The Big Ones: What's Still Getting Taxed?
Even with the recent deal, US exporters aren't exactly getting a free pass. China still maintains a baseline of tariffs that were already in place before the 2025 flare-up.
If you are shipping goods to China today, you are likely dealing with two layers of costs. There's the standard Most-Favored-Nation (MFN) rate that China applies to most of the world. Then, there are the "leftover" retaliatory duties from the 2018-2019 trade war era that never really went away.
Agriculture and Food
For a while in 2025, US farmers were in a panic.

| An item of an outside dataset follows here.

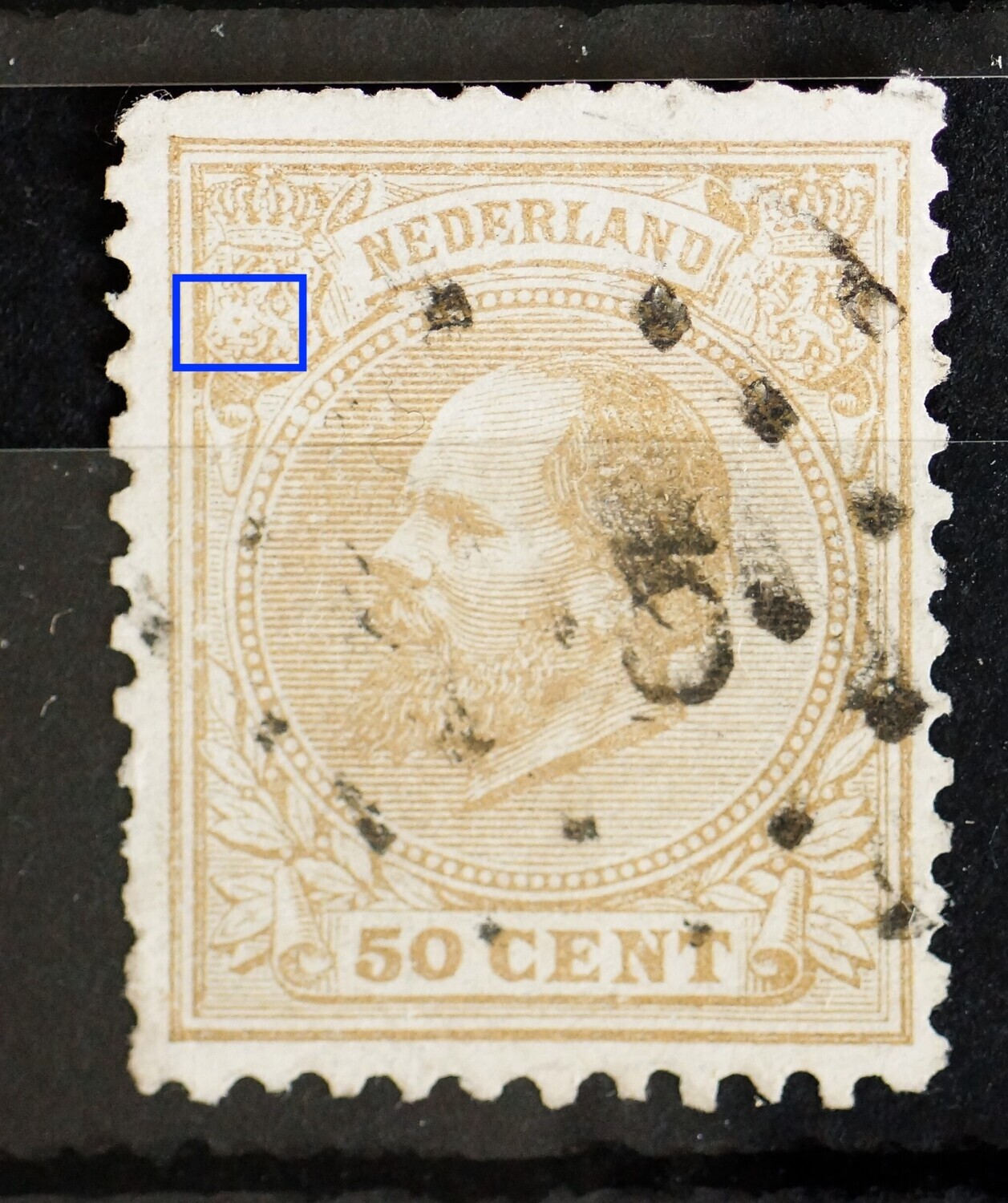 NVPH 27 - o.a. witte vlek met okerkleurige punt in linker wapenschild NVPH 27 - o.a. witte vlek met okerkleurige punt in linker wapenschild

China had threatened—and briefly implemented—huge hikes on:
- Soybeans: The crown jewel of US exports.
- Pork and Beef: Rates were threatening to hit 135%.
- Corn and Wheat: Looking at 140% total duties at the peak.

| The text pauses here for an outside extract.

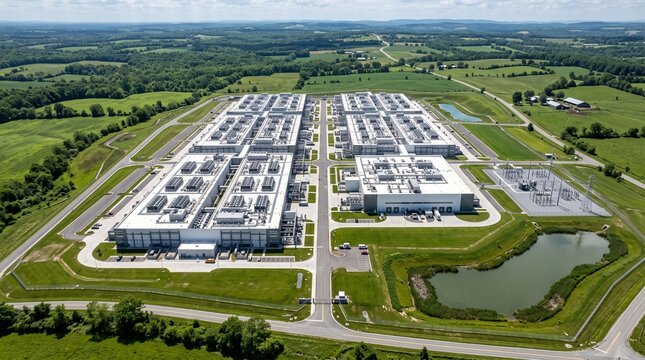 Aerial view of a massive modern data center facility nestled within a sprawling rural landscape with green fields and infrastructure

Under the current deal, those specific 2025 hikes are on ice. China has actually committed to buying 25 million metric tons of US soybeans annually for 2026, 2027, and 2028. However, most US ag products still face a 25% "baseline" retaliatory tariff from the older trade disputes, on top of the regular MFN rates.
Energy and Raw Materials
Coal and Liquefied Natural Gas (LNG) are in a similar boat. The 2025 plan was to tax US coal and gas at 140%. That would have basically killed the market. Currently, that's suspended. But don't expect it to be cheap; there is still a significant price disadvantage for US energy compared to, say, Russian or Middle Eastern supplies because of those lingering base-level tariffs.
The Cranberry Surprise
Sometimes, specific items get hit just because a temporary discount expires. Just this month, on January 1, 2026, China ended a 9-year "preferential" rate for cranberries. Now, US cranberry exporters (mostly in Wisconsin) are seeing their rates jump from 15% back up to 30%. It’s not technically a "new" retaliatory tariff, but it feels like one to the people paying the bill.
Why These Tariffs Keep Shifting
You’ve got to understand that China uses tariffs like a volume knob. When they want to pressure the US on a specific issue—like semiconductors or TikTok—they turn the volume up on agricultural states. Why? Because farmers have a lot of political sway in the US.

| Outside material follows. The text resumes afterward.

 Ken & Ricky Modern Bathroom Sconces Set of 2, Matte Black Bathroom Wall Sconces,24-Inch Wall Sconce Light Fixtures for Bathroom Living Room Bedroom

The November 2025 deal wasn't just about money. It was a trade-off.
- The US side: Agreed to lower "fentanyl-related" tariffs from 20% to 10%.
- The China side: Agreed to stop the export controls on rare earth minerals (the stuff we need for EV batteries and magnets) and suspended the 2025 retaliatory list.
The Export Control Factor
Honestly, the "war" has shifted away from just tariffs (taxes on things coming in) to export controls (blocking things from going out).
China recently loosened its grip on gallium, germanium, and antimony—minerals that are vital for high-tech chips. Before the deal, they were basically holding these minerals hostage. While the tariffs on US goods are lower now than they were six months ago, the threat of these export bans coming back is the real shadow hanging over the 2026 economy.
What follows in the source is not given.